Briefing about the meeting, he said, "We have concluded a very significant memorandum of understanding on energy security, climate change, and clean energy."
"We have renewed our joint commitment to maritime security, international law, and the peaceful resolution of disputes in the Asia-Pacific and Indian Ocean regions," he said, adding that the two countries will implement measures to deepen their cooperation against international terrorism, which has claimed too many lives in both the nations.
Swaraj said the joint statement reiterates commitment of the two countries on common approach against terror groups like Lashkar-e-Taiba, Haqqani network and the D-Company.
"We (India and the US) reiterate that the threat posed by al-Qaeda, Lashkar-e-Taiba, Jaish-e-Mohammad, D-Company (Dawood Ibrahim), Haqqani network and other regional groups undermines stability in South Asia.

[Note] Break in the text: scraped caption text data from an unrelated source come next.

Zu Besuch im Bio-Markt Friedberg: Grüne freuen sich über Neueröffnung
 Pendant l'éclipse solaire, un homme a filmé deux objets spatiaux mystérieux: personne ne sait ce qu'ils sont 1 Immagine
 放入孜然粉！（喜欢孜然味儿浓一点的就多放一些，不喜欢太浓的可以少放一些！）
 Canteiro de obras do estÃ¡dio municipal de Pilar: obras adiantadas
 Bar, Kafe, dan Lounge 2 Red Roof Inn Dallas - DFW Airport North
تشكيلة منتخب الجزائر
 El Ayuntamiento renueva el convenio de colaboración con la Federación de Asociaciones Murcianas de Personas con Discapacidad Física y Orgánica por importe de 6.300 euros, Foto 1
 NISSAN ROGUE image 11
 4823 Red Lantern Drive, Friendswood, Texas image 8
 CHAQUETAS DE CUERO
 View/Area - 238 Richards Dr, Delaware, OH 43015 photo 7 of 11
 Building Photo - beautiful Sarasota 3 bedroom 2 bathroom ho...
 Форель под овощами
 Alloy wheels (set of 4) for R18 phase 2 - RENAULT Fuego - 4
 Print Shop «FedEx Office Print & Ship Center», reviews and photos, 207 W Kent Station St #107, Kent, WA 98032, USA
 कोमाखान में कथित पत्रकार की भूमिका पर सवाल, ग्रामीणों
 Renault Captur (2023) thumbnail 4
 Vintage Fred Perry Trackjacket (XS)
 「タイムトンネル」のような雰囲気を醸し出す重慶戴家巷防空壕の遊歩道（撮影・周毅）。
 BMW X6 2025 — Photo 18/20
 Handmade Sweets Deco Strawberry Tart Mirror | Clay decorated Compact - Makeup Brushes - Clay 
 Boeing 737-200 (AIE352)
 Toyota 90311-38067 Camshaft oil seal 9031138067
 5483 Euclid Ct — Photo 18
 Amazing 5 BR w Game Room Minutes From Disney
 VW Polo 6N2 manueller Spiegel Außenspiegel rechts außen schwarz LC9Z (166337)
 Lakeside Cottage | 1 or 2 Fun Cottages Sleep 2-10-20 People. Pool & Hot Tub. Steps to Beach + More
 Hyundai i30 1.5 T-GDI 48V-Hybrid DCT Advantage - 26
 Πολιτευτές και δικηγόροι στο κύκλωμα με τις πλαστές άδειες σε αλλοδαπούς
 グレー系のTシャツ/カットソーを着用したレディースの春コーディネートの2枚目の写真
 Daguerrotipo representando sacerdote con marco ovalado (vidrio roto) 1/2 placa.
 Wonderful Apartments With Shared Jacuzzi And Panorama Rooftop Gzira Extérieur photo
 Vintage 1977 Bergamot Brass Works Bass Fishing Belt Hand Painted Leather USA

And we call to Pakistan to bring to justice the perpetrators of the 2008 Mumbai terrorist attack," Swaraj told reporters.
"We strongly condemn the July 27, 2015 terrorist attack in Gurdaspur, Punjab, and August 5, 2015 attack in Udhampur," she said of the terror assaults in India which were carried out by terrorists based in Pakistan.
Swaraj said the joint statement states that the two countries are determined to fight terrorism to the end.
In response to a question, Kerry said the two countries are committed to bringing all their efforts together in this fight against terrorism.
"It is clearly one of the most fruitful, one of the most productive bilateral relationships that I have the privilege to work on," Kerry said.
"We shared our strategic priorities, interests, and concerns on issues of mutual interest, including security and counter-terrorism, confidences in India's Act East policy, and the US rebalance in Asia," Swaraj said.
She said the two sides also talked about creating new substantive underpinnings to deepen bilateral engagement, including in the fields of defense, security, cyber, energy, climate change, science and technology, space, health, and other areas of economic development.
"Our effort in this discussion was that to look at each and every issues from the perspective of enhancing the relationship," Vinay Mohan Kwatra, joint secretary Americas of the ministry of external affairs, told reporters yesterday.
While there were differences on many well-known issues between the two sides, he said, effort was essentially to engage in a manner that strengthens the ties rather than differences holding down the progress of the relationship.
Market access issues, agricultural products and textiles continued to get discussed, he said in response to a question. There was also a broad reference to WTO as well, he said.